▶ Your assignment: Include the line with "80s Diet Pepsi" and every line before it in the entries below, echoed exactly, but not the pictures.

Records contained in a dataset:

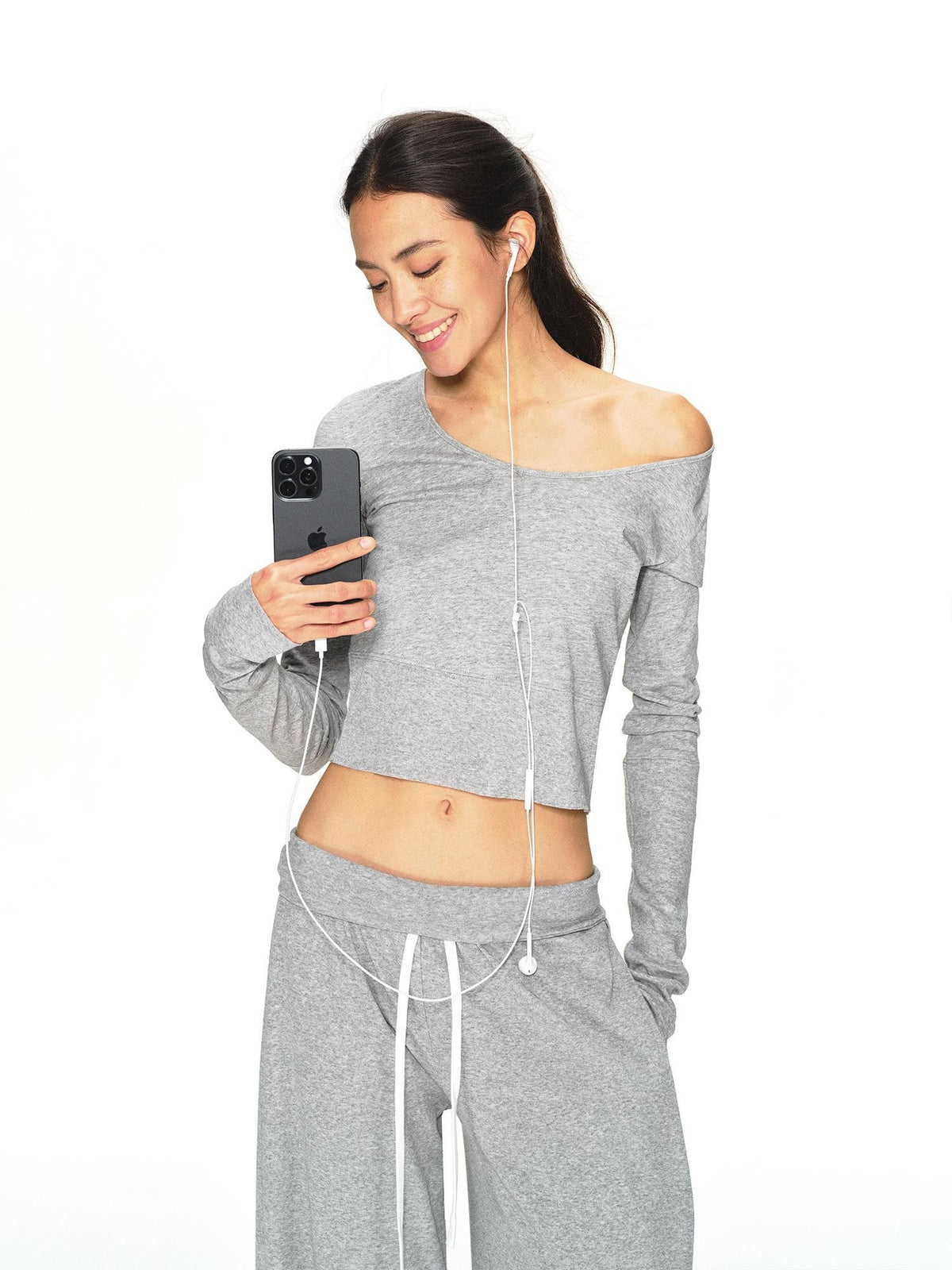 kvkv Gray Breathable Slanted Shoulder Wide Hem Women&
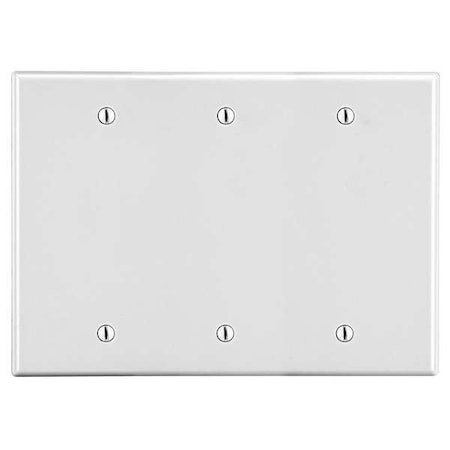 Blank Box Mount Wall Plate, Number of Gangs: 3 Plastic, Satin Finish, White MPN:P33W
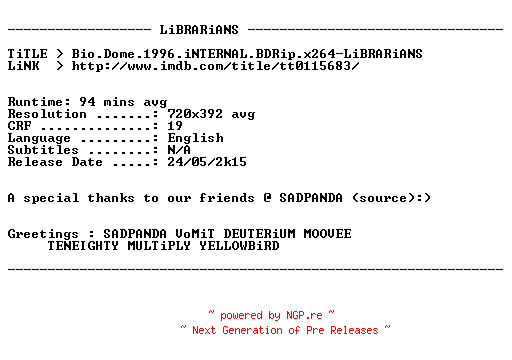 NFO for the release Bio.Dome.1996.iNTERNAL.BDRip.x264-LiBRARiANS by LiBRARiANS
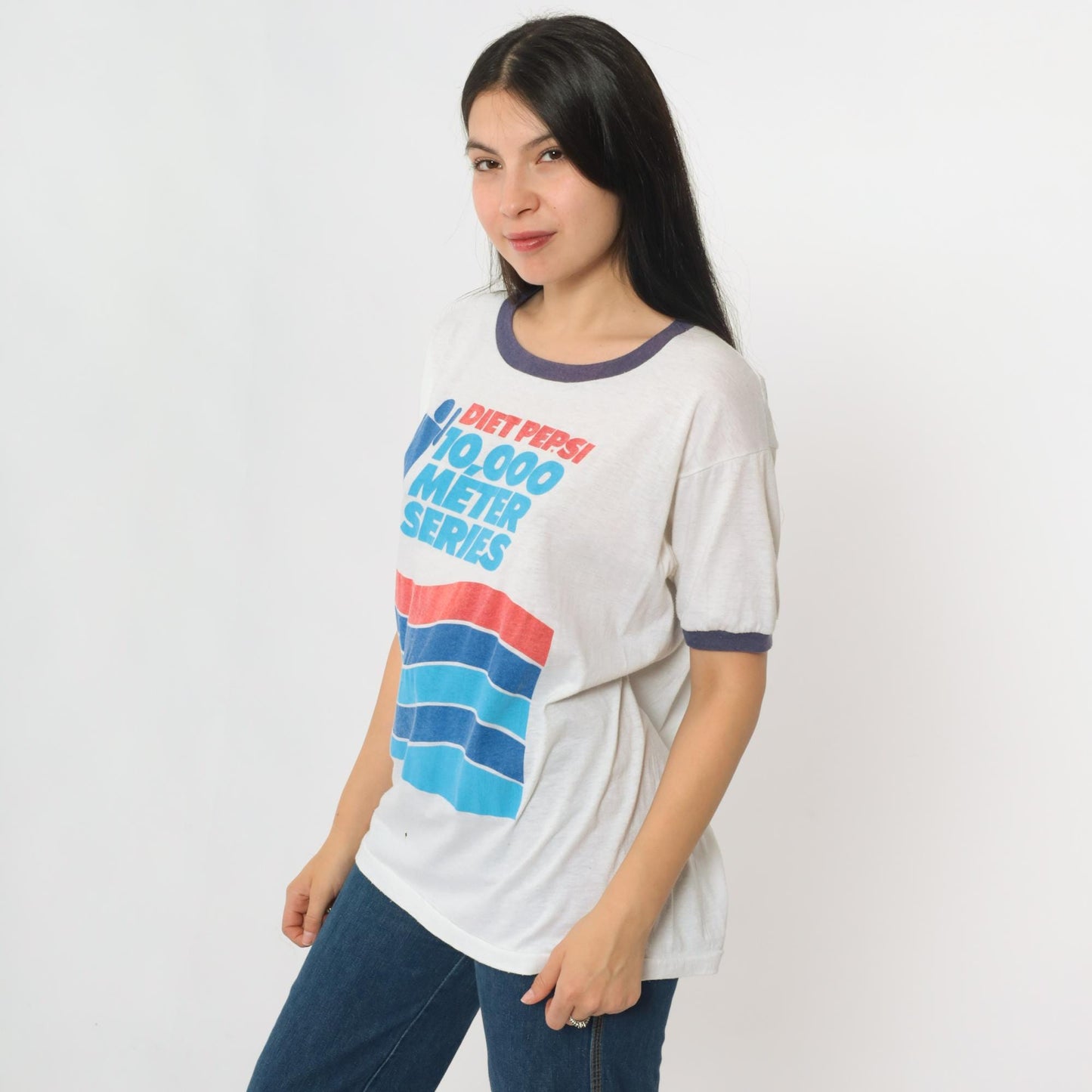 80s Diet Pepsi 10,000 Meter Series Ringer Tee Graphic Running Shirt Large L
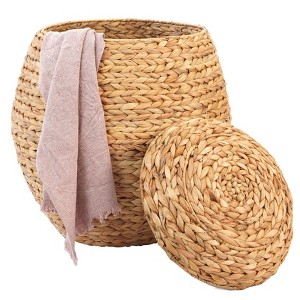 Vintiquewise Water Hyacinth Natural Multipurpose Barrel Storage Tub with Lid, Basket for Organizing, Ottoman Stool - 1 of 4
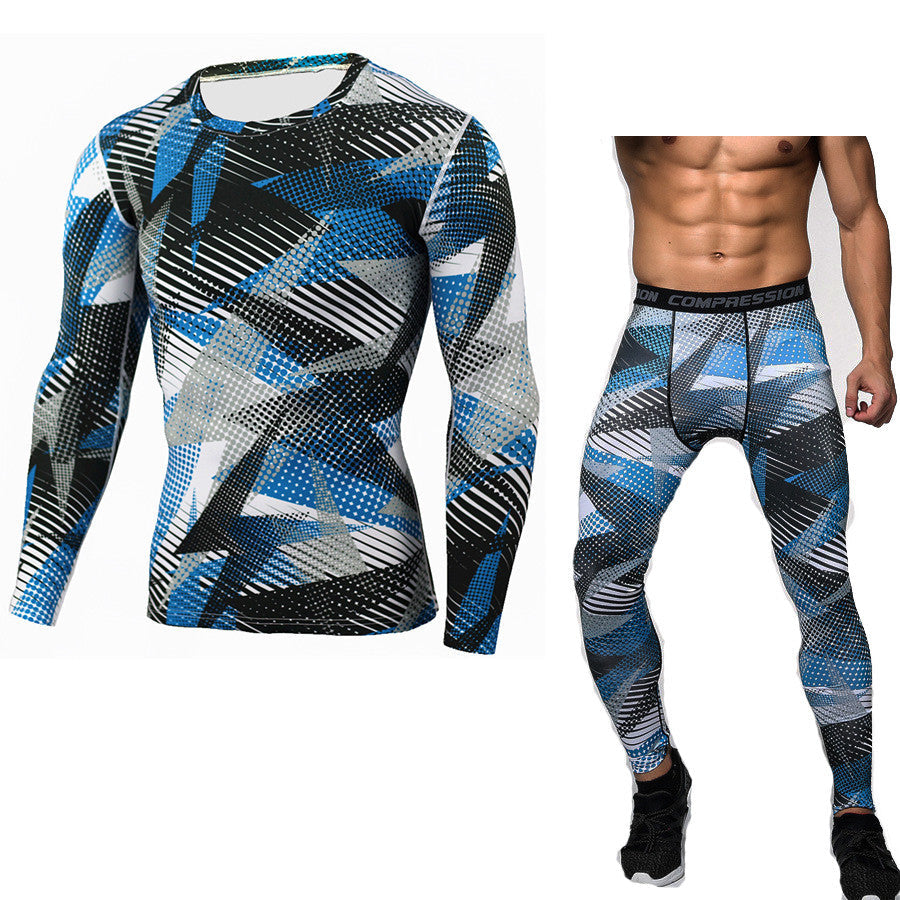 Camouflage Compression Base Layer Set - Sports Compression Set Long Sleeve T-Shirt Tights Exercise Clothes Workout Bodysuit Fitness Suits For Men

▶ Answer to the problem:
 kvkv Gray Breathable Slanted Shoulder Wide Hem Women&
 Blank Box Mount Wall Plate, Number of Gangs: 3 Plastic, Satin Finish, White MPN:P33W
 NFO for the release Bio.Dome.1996.iNTERNAL.BDRip.x264-LiBRARiANS by LiBRARiANS
 80s Diet Pepsi 10,000 Meter Series Ringer Tee Graphic Running Shirt Large L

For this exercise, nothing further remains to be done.